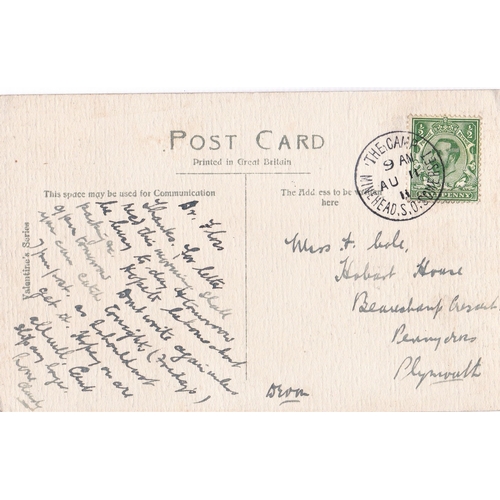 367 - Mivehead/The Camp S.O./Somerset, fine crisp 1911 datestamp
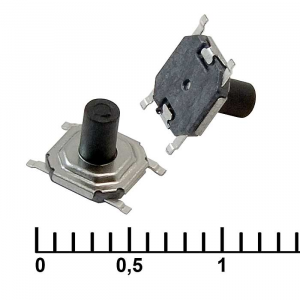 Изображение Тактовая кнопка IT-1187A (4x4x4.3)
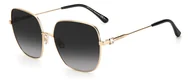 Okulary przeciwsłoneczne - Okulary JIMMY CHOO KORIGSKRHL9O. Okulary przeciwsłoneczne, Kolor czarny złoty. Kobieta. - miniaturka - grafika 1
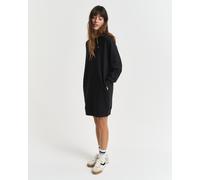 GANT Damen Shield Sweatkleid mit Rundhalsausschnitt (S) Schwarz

> _THE TASK_:
Leave the pictures out and copy the rest of the data exactly.

> _RESPONSE AREA_:
 367 - Mivehead/The Camp S.O./Somerset, fine crisp 1911 datestamp
 Изображение Тактовая кнопка IT-1187A (4x4x4.3)
 Okulary przeciwsłoneczne - Okulary JIMMY CHOO KORIGSKRHL9O. Okulary przeciwsłoneczne, Kolor czarny złoty. Kobieta. - miniaturka - grafika 1
 GANT Damen Shield Sweatkleid mit Rundhalsausschnitt (S) Schwarz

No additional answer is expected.